++++ Data shown ++++

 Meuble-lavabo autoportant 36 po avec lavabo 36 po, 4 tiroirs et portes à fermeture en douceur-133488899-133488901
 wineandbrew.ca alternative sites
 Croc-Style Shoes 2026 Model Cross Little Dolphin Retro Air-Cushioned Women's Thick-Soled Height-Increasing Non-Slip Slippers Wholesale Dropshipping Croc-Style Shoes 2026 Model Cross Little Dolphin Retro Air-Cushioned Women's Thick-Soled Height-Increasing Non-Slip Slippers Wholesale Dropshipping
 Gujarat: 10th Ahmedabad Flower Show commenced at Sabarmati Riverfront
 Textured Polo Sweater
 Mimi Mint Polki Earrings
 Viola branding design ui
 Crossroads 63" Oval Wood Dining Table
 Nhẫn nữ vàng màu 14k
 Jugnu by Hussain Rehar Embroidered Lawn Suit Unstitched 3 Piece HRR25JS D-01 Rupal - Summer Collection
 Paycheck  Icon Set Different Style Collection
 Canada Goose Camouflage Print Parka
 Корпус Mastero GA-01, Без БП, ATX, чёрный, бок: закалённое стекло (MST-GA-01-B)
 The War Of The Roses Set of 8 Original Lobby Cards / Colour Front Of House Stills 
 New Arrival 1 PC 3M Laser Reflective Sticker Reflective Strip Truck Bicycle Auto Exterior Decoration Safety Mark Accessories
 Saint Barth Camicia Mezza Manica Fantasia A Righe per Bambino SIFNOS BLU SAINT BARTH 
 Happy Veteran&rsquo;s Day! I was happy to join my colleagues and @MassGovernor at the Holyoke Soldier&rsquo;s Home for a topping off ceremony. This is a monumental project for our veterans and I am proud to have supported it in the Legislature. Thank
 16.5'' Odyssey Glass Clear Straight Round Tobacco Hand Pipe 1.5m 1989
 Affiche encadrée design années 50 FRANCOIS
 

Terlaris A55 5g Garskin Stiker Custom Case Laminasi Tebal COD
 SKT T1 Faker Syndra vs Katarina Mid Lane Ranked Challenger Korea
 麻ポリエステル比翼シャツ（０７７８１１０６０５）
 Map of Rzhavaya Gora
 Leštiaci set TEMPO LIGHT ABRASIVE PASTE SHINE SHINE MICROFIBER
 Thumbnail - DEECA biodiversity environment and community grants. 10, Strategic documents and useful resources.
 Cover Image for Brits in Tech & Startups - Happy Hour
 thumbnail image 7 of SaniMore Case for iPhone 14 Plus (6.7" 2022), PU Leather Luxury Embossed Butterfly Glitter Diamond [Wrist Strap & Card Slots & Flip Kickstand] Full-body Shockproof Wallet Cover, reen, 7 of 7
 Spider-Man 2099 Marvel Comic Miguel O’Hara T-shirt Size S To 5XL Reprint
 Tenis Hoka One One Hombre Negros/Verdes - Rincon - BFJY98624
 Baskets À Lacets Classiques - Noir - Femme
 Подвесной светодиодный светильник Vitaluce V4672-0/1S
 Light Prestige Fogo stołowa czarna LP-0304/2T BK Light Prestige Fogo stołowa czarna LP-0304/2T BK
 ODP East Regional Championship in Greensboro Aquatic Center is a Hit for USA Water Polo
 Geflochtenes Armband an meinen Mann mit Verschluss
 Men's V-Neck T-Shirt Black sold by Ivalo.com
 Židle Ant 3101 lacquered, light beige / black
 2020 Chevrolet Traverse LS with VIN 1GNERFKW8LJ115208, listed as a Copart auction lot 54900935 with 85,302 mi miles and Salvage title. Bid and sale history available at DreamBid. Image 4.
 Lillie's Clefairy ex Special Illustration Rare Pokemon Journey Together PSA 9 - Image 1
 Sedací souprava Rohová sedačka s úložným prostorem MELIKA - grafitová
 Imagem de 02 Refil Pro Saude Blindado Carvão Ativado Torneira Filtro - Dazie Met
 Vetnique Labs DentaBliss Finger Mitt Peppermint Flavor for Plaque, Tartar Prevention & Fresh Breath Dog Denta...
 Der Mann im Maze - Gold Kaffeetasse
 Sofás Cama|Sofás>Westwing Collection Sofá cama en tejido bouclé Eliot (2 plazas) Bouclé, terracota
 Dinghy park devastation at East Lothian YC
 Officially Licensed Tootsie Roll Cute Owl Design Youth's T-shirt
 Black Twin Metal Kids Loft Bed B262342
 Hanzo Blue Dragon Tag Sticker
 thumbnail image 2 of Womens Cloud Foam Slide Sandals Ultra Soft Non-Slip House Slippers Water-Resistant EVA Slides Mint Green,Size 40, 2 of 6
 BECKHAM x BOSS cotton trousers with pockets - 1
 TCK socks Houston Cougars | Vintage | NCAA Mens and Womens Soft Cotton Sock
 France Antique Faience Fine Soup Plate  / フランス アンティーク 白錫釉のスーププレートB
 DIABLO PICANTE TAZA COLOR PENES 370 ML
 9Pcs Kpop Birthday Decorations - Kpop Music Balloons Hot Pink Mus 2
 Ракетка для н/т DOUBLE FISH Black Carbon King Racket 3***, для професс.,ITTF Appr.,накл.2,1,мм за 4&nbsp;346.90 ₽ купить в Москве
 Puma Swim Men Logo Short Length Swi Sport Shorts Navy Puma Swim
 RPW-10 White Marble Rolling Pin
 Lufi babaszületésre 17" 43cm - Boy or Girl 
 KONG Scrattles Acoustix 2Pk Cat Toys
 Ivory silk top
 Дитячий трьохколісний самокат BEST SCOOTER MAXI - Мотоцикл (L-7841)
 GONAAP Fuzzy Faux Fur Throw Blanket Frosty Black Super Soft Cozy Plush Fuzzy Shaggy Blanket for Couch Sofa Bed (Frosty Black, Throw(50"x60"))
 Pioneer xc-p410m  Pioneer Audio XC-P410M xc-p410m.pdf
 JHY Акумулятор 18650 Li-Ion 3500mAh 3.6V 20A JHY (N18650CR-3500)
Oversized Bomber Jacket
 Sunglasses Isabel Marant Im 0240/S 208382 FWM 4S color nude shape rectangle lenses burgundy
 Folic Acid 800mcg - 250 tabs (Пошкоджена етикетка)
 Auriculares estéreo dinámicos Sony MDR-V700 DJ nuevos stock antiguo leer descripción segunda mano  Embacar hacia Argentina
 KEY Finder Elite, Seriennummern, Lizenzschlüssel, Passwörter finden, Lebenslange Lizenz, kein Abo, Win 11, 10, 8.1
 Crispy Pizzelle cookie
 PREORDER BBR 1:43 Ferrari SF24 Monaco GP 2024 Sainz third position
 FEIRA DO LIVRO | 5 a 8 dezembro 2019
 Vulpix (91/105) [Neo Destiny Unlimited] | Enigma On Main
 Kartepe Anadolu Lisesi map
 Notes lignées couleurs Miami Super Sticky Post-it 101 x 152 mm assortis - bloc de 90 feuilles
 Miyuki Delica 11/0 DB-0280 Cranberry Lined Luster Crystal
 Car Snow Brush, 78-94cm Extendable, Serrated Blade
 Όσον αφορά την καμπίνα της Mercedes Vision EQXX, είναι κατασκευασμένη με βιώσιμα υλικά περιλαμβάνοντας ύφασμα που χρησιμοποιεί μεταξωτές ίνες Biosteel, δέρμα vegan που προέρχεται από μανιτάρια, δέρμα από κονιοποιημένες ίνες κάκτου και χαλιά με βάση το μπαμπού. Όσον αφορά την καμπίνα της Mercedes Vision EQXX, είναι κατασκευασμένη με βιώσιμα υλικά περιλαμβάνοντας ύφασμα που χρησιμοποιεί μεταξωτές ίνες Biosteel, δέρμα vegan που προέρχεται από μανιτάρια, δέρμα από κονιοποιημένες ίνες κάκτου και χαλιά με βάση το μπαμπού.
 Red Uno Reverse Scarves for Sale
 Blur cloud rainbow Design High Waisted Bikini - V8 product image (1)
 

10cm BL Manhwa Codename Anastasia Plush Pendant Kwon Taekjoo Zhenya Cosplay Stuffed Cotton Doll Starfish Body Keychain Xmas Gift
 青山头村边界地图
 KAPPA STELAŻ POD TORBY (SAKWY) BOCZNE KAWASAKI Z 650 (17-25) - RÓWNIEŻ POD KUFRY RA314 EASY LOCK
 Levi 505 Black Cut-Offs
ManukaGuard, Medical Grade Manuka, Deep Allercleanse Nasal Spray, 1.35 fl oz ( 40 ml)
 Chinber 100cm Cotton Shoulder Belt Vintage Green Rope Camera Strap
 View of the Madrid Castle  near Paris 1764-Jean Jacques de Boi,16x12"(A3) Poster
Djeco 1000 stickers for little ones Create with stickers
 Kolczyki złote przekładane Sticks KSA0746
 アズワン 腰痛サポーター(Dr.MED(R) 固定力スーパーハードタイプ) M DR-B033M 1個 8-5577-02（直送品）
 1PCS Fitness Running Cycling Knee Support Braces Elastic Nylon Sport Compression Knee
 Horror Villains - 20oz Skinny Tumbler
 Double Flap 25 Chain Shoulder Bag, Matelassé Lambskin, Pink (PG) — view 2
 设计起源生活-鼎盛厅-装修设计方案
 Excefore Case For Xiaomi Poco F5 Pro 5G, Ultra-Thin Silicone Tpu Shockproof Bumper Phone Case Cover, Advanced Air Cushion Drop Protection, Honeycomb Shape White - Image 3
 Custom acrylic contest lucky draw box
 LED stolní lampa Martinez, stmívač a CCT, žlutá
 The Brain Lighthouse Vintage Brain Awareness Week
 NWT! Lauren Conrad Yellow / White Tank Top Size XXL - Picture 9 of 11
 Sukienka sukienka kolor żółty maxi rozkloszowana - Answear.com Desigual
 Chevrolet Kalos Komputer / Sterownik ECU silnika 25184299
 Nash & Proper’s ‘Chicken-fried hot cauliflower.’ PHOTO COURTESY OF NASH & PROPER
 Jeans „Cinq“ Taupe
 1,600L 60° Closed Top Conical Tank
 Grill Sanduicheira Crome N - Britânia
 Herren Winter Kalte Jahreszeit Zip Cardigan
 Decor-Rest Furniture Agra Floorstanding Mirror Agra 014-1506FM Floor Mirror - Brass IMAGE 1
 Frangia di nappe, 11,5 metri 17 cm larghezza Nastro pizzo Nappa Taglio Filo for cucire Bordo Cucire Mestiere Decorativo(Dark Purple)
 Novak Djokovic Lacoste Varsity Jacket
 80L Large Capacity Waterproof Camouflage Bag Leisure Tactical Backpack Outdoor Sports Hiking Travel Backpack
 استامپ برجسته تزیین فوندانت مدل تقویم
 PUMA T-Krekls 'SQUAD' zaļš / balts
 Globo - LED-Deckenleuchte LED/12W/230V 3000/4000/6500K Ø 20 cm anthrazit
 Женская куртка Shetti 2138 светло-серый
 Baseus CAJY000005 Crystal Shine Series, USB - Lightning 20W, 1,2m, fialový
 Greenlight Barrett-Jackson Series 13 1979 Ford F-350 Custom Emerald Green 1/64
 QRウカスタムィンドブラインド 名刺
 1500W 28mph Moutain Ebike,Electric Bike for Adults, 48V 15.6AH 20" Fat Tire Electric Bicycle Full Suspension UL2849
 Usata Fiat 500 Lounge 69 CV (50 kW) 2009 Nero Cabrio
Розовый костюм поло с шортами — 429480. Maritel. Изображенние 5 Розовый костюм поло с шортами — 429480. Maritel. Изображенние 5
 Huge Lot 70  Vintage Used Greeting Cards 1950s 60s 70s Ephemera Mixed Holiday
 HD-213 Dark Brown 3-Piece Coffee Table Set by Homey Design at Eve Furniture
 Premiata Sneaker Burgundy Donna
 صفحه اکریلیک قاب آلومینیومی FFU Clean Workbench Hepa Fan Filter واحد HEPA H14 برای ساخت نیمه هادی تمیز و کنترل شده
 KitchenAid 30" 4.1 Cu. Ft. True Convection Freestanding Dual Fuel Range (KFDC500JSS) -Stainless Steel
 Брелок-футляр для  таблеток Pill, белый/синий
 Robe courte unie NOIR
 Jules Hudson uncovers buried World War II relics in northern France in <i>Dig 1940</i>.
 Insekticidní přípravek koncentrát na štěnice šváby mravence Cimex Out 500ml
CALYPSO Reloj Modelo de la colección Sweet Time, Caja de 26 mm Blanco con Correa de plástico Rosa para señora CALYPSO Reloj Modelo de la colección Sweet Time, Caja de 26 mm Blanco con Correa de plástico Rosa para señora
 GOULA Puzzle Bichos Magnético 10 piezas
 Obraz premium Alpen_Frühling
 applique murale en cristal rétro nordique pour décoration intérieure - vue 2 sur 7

++++

# Required work
Check each line of the listing above for the string "Furniture", and report how many lines contain it, as a number alone.

# Answer for this exercise
2